Deepwater Horizon Is a Human-Sized Disaster Movie
Deepwater Horizon
Directed by Peter Berg
Opens September 30
In Deepwater Horizon, the central principle of offshore oil drilling is as simple as an upside-down Coke can. As his daughter rehearses a school presentation, the titular rig’s chief electronics technician, Mike Williams (Mark Wahlberg), opens a gash in the aluminum and inserts the scale model’s “pipeline,” explaining that extracting petroleum from beneath the ocean floor is not a process of pumping, but an imposition of control: Under immense pressure, the oil, once tapped, begins to burst forth, and the companies that profit from its sale are merely trying to slow this flow enough to capture it. When the sweet, brown substance finally explodes, a fizzy gusher atop the kitchen table, it foreshadows both the impending disaster and the streamlined force of the film itself.

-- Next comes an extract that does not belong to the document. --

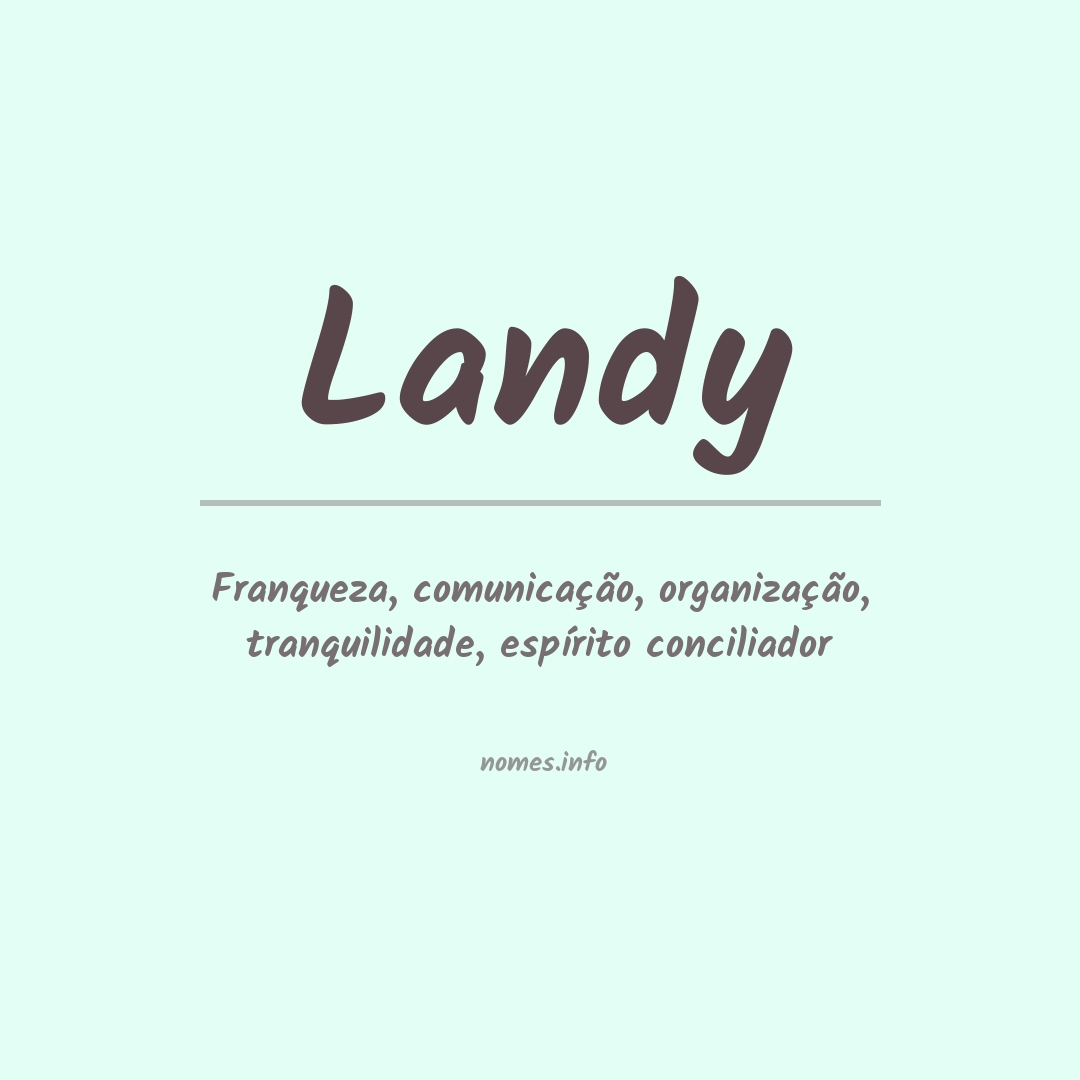 Significado do nome Landy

With Deepwater Horizon, despite its at times facile treatment of the facts, director Peter Berg has crafted a masterful, muscular actioner, one with an understanding of human stakes that puts most studio tentpoles to shame.
Adapted by Matthew Michael Carnahan and Matthew Sand from the New York Times‘ account of “Deepwater Horizon’s Final Hours,” the film applies its ferocious energies to recreating the blowout, explosion, and conflagration that engulfed the rig on April 20, 2010, killing 11, injuring 17, and causing the largest oil spill in U.S. history. From this intent focus on the mechanics of catastrophe—on annular failures and magenta alarms, the storm of steel and forest of flame erupting into the Southern sky—Berg elicits terrific suspense; even the near-silent seep of oil into the drill room is frightening, the first buck of the geological bronco below the surface. As the disaster intensifies, Deepwater Horizon offers a white-knuckle reminder that our thirst for natural resources requires wrangling with the might of the Earth: A dangerous business, indeed.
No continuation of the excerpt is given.